Mohamed Taj-Eddine El Houssaini, Professor of International Relations, University of Mohamed V, Rabat, said that in order to settle the question of Jerusalem, it was important, not to go backwards on what had been achieved, but to move forward instead, aware of the challenges.  How could the international community face down Israel’s intransigent position?  There were two scenarios, hope and despair.  Hope lay in international legitimacy, international law and the possibility of internationalizing the question of Jerusalem, he said, adding that continuing the status quo would lead to despair.  The hope scenario required reversion to the pre-1967 borders.  Noting that Israel had attempted during all the negotiations to postpone the question of Jerusalem until “the bitter end” since it opposed any division of the city, he said that changes in the position of the United States must also be noted, pointing out in that regard that its Congress had voted to transfer its embassy to Jerusalem.

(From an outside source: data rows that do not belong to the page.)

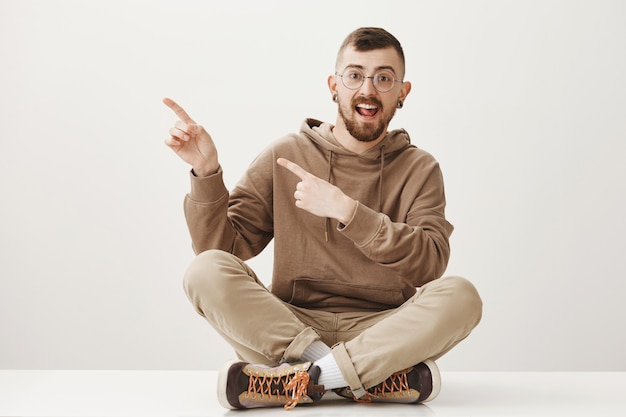 Foto gratuita chico alegre guapo que señala el dedo a la izquierda y sentarse en el suelo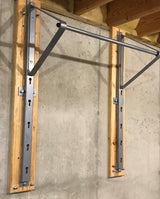 Adjustable chin-up bar mounted on a concrete wall with wooden planks.
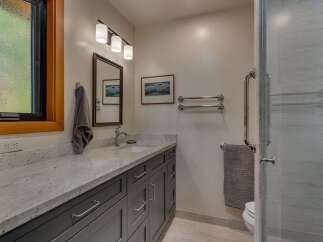 This modern bathroom features a sleek vanity with a granite countertop and ample storage.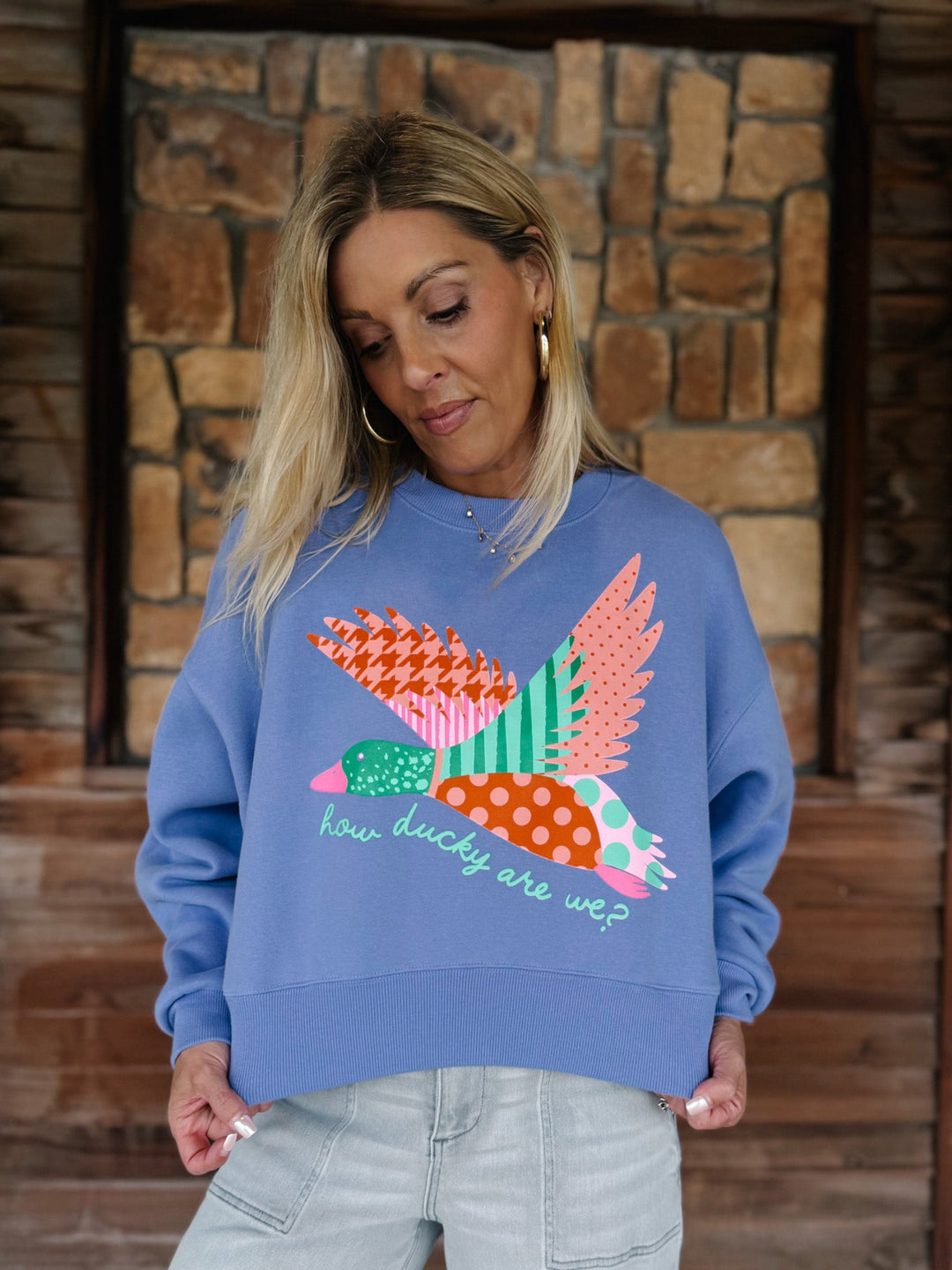A woman wearing a blue crewneck sweatshirt with a colorful patchwork bird graphic and the text 'how ducky are we?' on the front, paired with light gray jeans, standing in front of a rustic stone wall.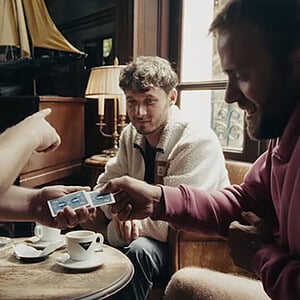 A man performing a card trick for two friends in a cozy cafe setting.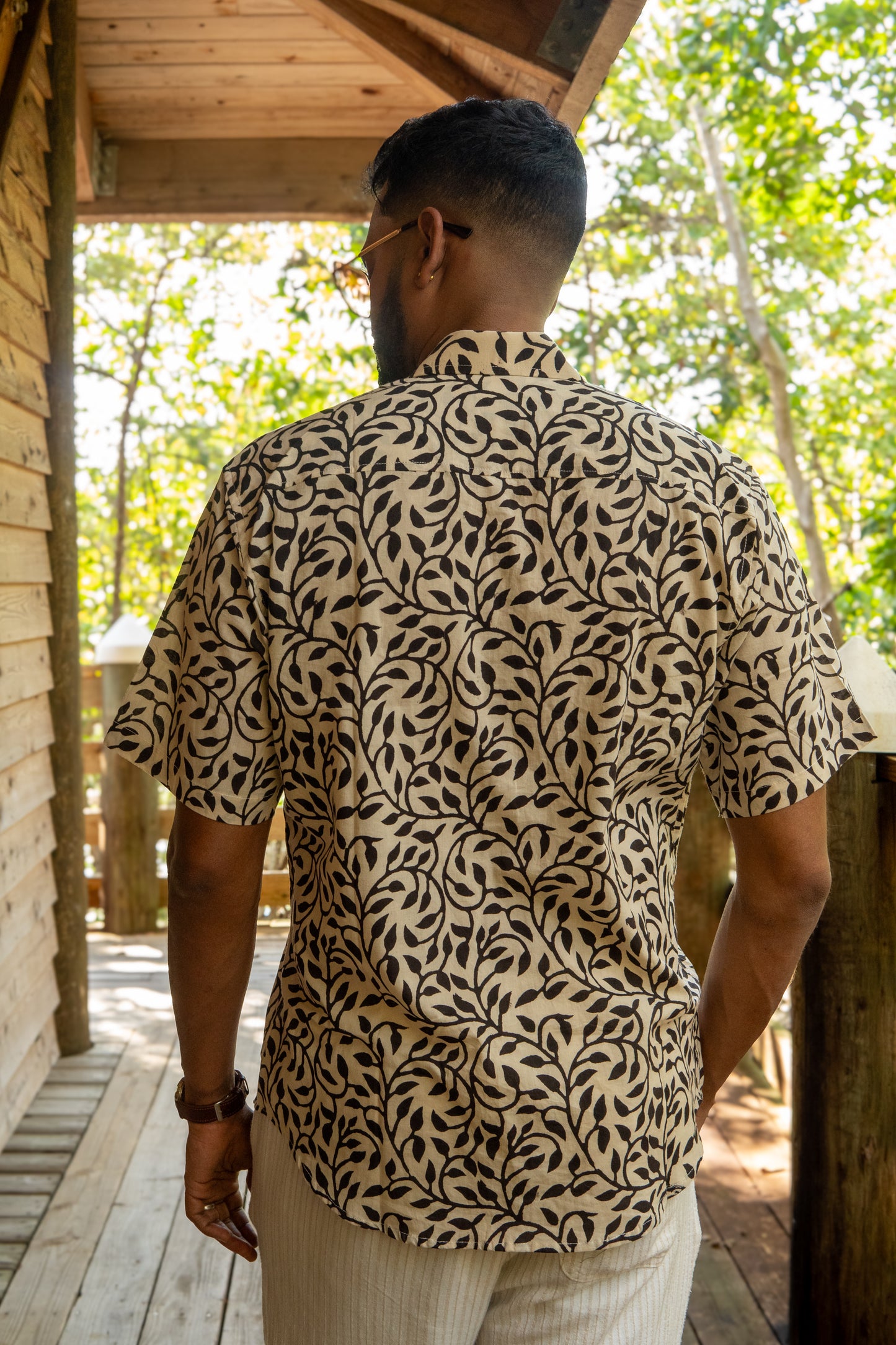 Man wearing a patterned shirt standing on a wooden deck with greenery in the background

Israel was the party benefitting from the corresponding delays, he said, citing the physical expulsion of Palestinian citizens, the confiscation of their identity, and their replacement with Jewish settlers.  There was need for a common body with a mandate to examine how United Nations resolutions could be implemented.  In January, more than 30 resolutions, some of which were immensely important, had been passed in Morocco, and financial support and political will would be were needed to put them into effect.  He emphasized the importance of Palestinian reconciliation, saying that continuing division would be “disastrous for the question of Jerusalem or the conflict in general”.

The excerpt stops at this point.